Here’s a very current for-instance of this. And, fortuitously enough, it has something to say about the necessity of intent:

Kane is the AG of Pennsylvania.

How about a happy medium. If items are taken from a repossessed house they must be stored for at least 30 days and not destroyed. If destroyed within the 30 days then that is a willful violation of the law and subject to criminal prosecution.

I would support this, but one argument against it is that, in the vast majority of foreclosures they do, in fact, get the right house. The question to ask is whether it would, then, be an unreasonable burden on the banks to ask them to store all that stuff, at their cost, in order to eliminate or mitigate what is, in fact, quite a rare problem.

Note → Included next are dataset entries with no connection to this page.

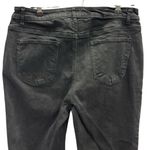 Amp Black Lace Up Fly High Rise Stretch Denim Zip Pocket Raw Hem Jeans Womens L Size undefined Photo 6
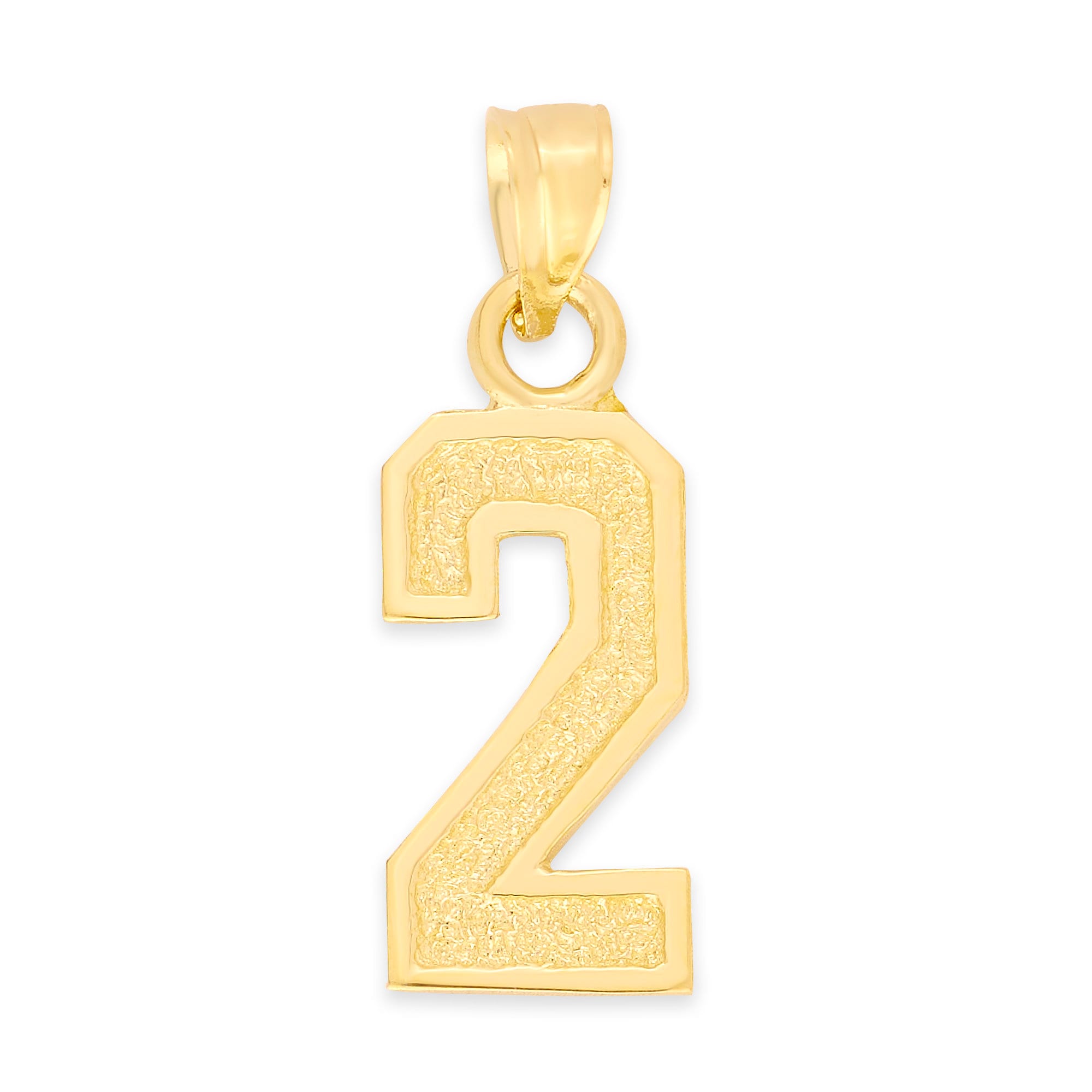 Real 10k Gold Sports Number Pendant Necklace Personalized Etsy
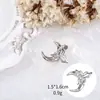 Accesorios para Arte de Uñas de Mariposa Plateada Lujo Ligero Moño Tridimensional Metal Alas de Mariposa Grande Adornos de Diamantes para Uñas Explosiones de Celebridad de Internet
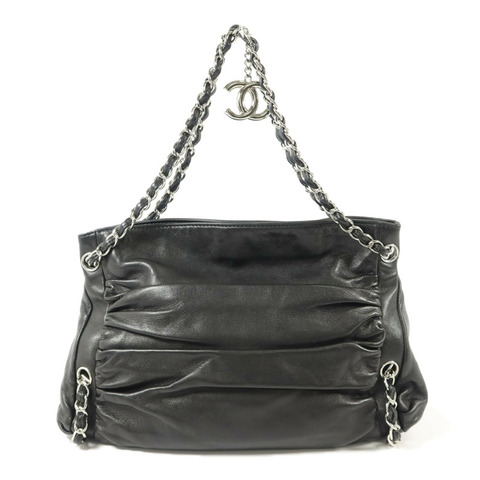 CHANEL 羊皮皮革Chain Shoulder鏈帶肩背袋
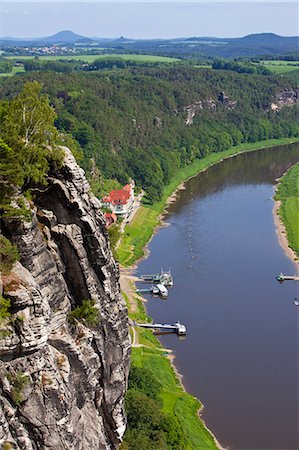 saxon switzerland - View over the River Elbe, Saxon Switzerland, Saxony, Germany, Europe Stock Photo - Rights-Managed, Code: 841-06032508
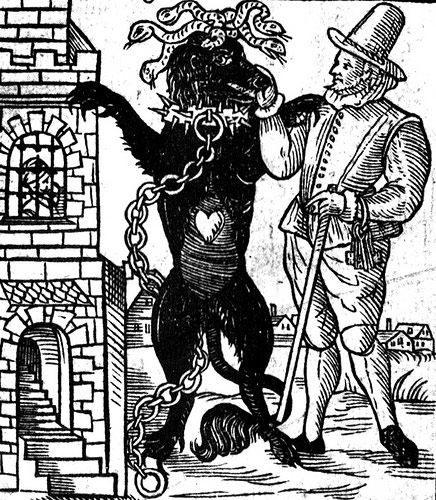 The Black Dog of Newgate, from a book published in 1638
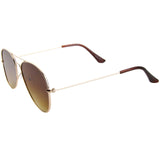Modern Flat Front Wire Metal Aviator Sunglasses A182 from zeroUV
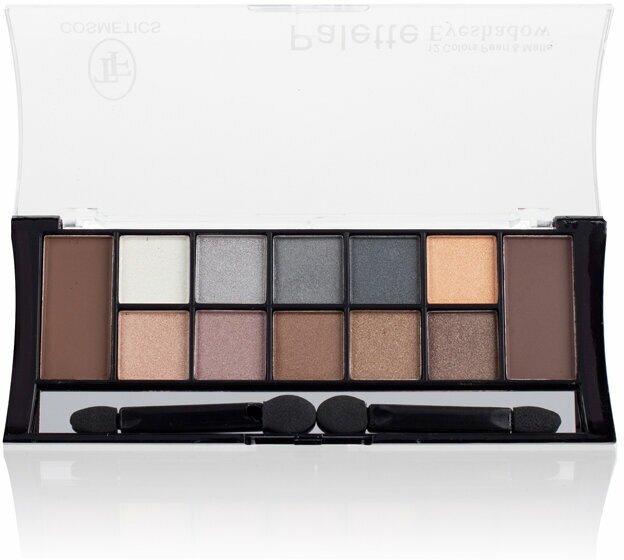 TF cosmetics Набор теней Color Palette Eyeshadow Pearl & Matte, тон 02 коричнево-бежевый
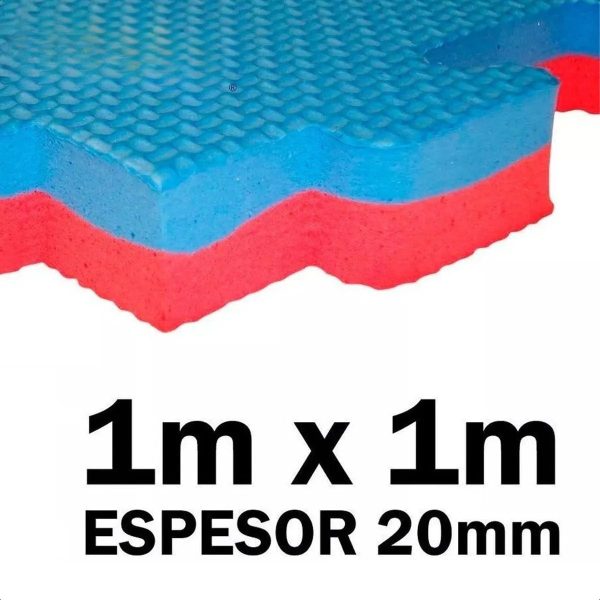 Copia - Piso Tatami Goma Eva Encastrable 1x1m 2cm ROJO-AZUL
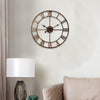 European Style Creative Wall Clock Retro Decorative Wrought Iron Wall Clock Mute Clock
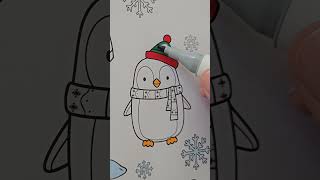 Penguins colorings #activitiesforkidsathome #coloring #funlearning #worksheets#fun #penguin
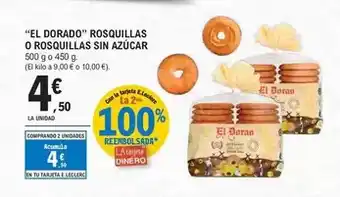 E.Leclerc Rosquillas o rosquillas sin azucar oferta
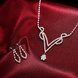 Wholesale Romantic Silver Plant White Crystal Jewelry Set TGSPJS813 4 small
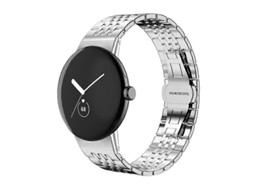 Pulseira De Relógio Xdfind Em Aço Inoxidável Maciço Com Sete Contas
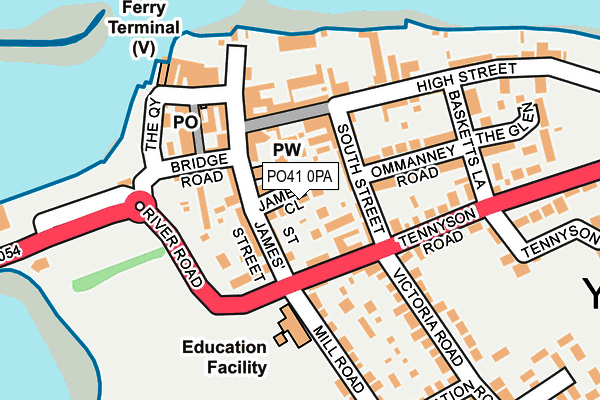 PO41 0PA map - OS OpenMap – Local (Ordnance Survey) PO41 0PA map - OS OpenMap – Local (Ordnance Survey)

This seems like one of those things where it’s better for everyone—the victim and, possibly, the bank—if the remedy is not a preventative measure like storage, but instead is a large penalty for fucking up. That way the victims get compensated plus substantial punitive damages, and the bank has to pay, but probably also ends up paying less, in the long run, than it would pay to store the property from hundreds or even thousands of foreclosures.

I hope you’re not quoting this in some attempt to suggest that the earlier discussion about intent was incorrect.

I agree with the huge penalty but look at it this way, I’m going to give you two choices:
a) I take all your stuff in your house and put it in storage. Ooops I messed up so I truck all your stuff back.
b) I take all your stuff and destroy it. Ooops I messed up so I pay a $50,000 fine and spend 6 months in jail and you’re SOL.

What would you prefer. Also, I have a real problem with banks being able to seize personal belonging with a foreclosure. I understand the logic but something about it strikes me as wrong. They got the house already and they didn’t make a loan on the possessions. If they want the personal property to make up the difference, why doesn’t that have to go through the court like any other creditor?

They can’t. They assume the possessions are abandoned.

Which, of course, brings us back in a big circle to the issue of getting the right house.

It seems to me, even if you think you’ve got the right house, and even if people often do abandon some of their possessions in foreclosed houses, that it might be possible for a relatively intelligent person to work out, just from looking at the state of the house and what has been left behind, whether the place is currently being lived in.

Is there fresh milk and other food in the fridge? Is there non-moldy bread on the counter? Are there oranges or bananas in the fruit bowl? Are there still family pictures all over the place? Electronic equipment like a working television, a computer? Wardrobes full of clothing, shoes, linens?

I understand that people who are losing their home might not always have all their shit together, but most of them have stuff that they value, and that they would not leave behind when they get evicted. Even if you’ve lost your house, you still need clothes.

At the very least, it should be possible to look around and have a sense of whether you might have the wrong place, whether you might need to double-check the address with the removal company, or the bank.

I suggested that upthread, that in some of these cases, it should be obvious that the home was not abandoned.

Having helped out the owners in my last apt building to the point where they listed me as “Apt manager”, I can tell you that a lot of dudes just take what they can carry and walk out. They leave behind clothes, photos, jewelry, electronics, mementoes and in one case, even their cat.

So the units did tend to look a little like they had been rummaged thru, but much good crap is often left behind.